Labelbox

On-Premise or VPN/VPC Data

Labelbox works with source data hosted on-premise or on a private cloud. The source data is accessed directly from the client computer and never shared (or accessible) by Labelbox.

Using Labelbox with on-premise or private cloud source data means Labelbox will not have access to any of the source data (images, text, etc...), and Labelbox will only store the label annotation data created in the interface.
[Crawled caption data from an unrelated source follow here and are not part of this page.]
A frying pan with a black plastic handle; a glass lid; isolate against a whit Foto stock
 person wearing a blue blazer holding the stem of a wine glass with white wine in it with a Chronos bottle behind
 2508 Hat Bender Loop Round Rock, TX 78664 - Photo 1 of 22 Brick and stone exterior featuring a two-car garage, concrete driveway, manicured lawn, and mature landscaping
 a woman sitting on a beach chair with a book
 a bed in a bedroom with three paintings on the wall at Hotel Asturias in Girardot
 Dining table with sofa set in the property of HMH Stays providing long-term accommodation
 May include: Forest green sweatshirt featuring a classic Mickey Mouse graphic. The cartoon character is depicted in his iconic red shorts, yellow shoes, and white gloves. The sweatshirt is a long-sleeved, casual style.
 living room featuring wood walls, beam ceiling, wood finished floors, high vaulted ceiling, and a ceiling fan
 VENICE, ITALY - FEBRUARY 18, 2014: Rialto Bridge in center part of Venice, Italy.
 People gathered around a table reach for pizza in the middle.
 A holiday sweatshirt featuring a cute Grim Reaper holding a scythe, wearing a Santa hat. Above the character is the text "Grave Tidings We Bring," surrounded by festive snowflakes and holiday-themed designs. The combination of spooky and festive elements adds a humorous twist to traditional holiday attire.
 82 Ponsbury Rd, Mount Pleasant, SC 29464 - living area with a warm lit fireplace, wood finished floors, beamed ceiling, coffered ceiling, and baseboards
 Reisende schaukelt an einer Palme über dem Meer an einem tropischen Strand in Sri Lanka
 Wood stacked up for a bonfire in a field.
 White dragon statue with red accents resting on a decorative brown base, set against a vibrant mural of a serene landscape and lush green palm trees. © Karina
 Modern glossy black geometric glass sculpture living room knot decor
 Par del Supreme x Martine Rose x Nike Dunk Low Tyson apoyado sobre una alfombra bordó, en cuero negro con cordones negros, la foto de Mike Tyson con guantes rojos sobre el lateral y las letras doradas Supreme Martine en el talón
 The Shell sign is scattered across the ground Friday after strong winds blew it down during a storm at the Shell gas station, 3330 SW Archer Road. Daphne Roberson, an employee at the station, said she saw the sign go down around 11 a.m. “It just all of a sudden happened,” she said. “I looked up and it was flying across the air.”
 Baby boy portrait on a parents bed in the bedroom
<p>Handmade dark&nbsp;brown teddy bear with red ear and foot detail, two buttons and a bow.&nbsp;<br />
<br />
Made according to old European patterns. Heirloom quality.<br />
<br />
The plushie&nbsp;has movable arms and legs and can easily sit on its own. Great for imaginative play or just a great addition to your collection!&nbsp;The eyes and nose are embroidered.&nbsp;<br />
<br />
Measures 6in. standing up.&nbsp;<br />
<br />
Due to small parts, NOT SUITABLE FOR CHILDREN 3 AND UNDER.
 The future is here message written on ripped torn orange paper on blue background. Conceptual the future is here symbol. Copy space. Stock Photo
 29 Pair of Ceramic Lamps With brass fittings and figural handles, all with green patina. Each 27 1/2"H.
Private Cloud Data using VPN/VPC

To enable teams of remote workers to access on-premise or private cloud data, use a VPN. Here's some resources on setting up a VPN tor popular hosting providers:

Create a File with URLs

If your data is hosted in the cloud (e.g. Amazon S3), you can point Labelbox to your data by creating a JSON file or a CSV file with URLs to each file.

Creating a JSON file (Recommended)

Create a JSON file containing the data URLs. For example, here is a JSON snippet for importing data hosted in Google Storage: Download an example JSON file here.

[
  {
    "externalId": "ab65d5e99w13",
    "imageUrl": "https://storage.googleapis.com/labelbox-example-datasets/tesla/104836109-p100d-review-5.1910x1000.jpeg"
  },
  {
    "externalId": "ljk6s544a7f8",
    "imageUrl": "https://storage.googleapis.com/labelbox-example-datasets/tesla/2017-Tesla-Model-3-top-view.jpg"
  }
]

Creating a CSV File

The first column is the URL and the second column is the External ID (Optional). Example CSV file containing image URLs.

Data_URLs,External_ID
http://res.cloudinary.com/ddpai9fpa/image/upload/v1516660804/isu8zqke6xoopnemuvvc.jpg,ID1
http://res.cloudinary.com/ddpai9fpa/image/upload/v1516660805/ldie4gmhaqfhw1df1wls.jpg,ID2
http://res.cloudinary.com/ddpai9fpa/image/upload/v1516660805/dvbb5kv3dudxhibqpuni.jpg,ID3
http://res.cloudinary.com/ddpai9fpa/image/upload/v1516660806/inm7ipr8h9ecx1fzcspm.jpg,ID4

Labelbox expects a CSV with at least the first column, Data URL , populated with URLs to each data asset. The second column, External ID , (optional) can contain a user defined unique ID for that data asset.

Note on URL protocol

Be sure that the URLs you provide to Labelbox have the appropriate protocol prefixed to them. Typically for a locally hosted server that is http:// but if your server supports https:// that is always recommended.

Upload the CSV to Labelbox

On-Premise Data

MacOS and Linux Only

A step-by-step guide to using Labelbox with data on your hard drive. First we'll start a HTTP server running locally to serve up the files, then we'll generate a CSV of links to the files and upload them to Labelbox.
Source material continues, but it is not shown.